(Stored data begins)

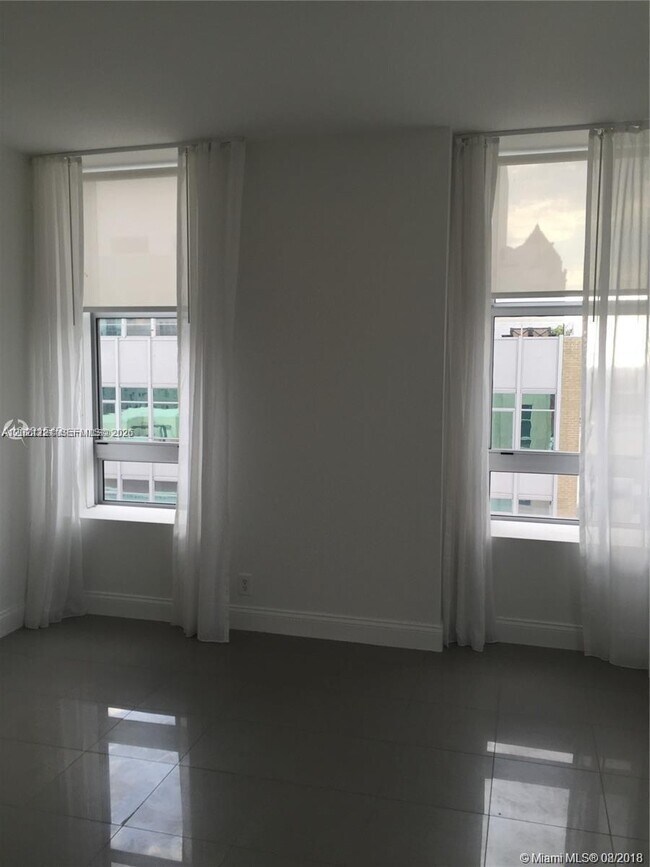 Building Photo - 111 E Flagler St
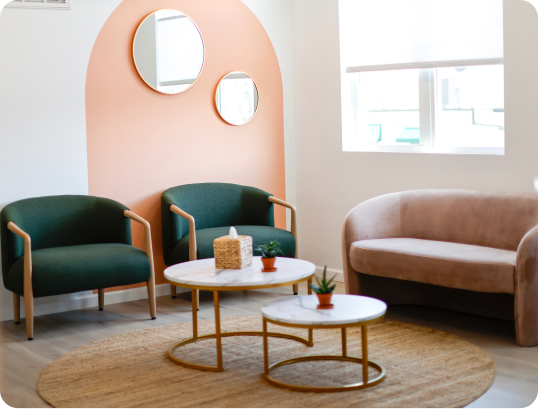 Modern living room with two green armchairs, beige sofa, round tables, and two round wall mirrors.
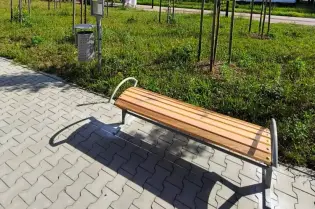 Ławka na przystanku autobusowym z zielenią w tle i niebieskim znakiem przystanku.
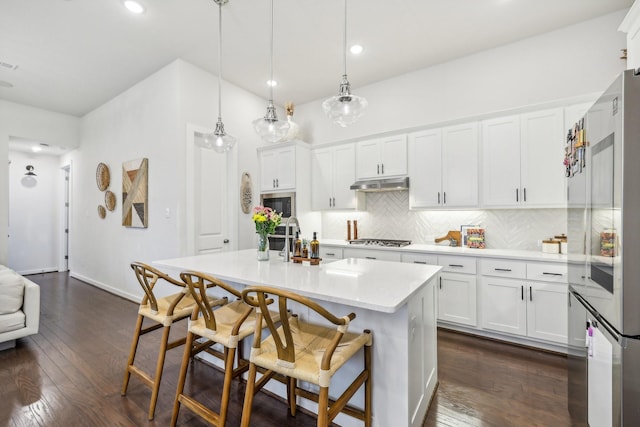 kitchen with stainless steel gas cooktop, white cabinetry, hanging light fixtures, black microwave, and a center island with sink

(Stored data ends)

Exercise aim = Repeat, exactly and in full, each line from the start of the data to the line that contains "Ławka na przystanku". Pictures do not go in.

Solution for this exercise =
 Building Photo - 111 E Flagler St
 Modern living room with two green armchairs, beige sofa, round tables, and two round wall mirrors.
 Ławka na przystanku autobusowym z zielenią w tle i niebieskim znakiem przystanku.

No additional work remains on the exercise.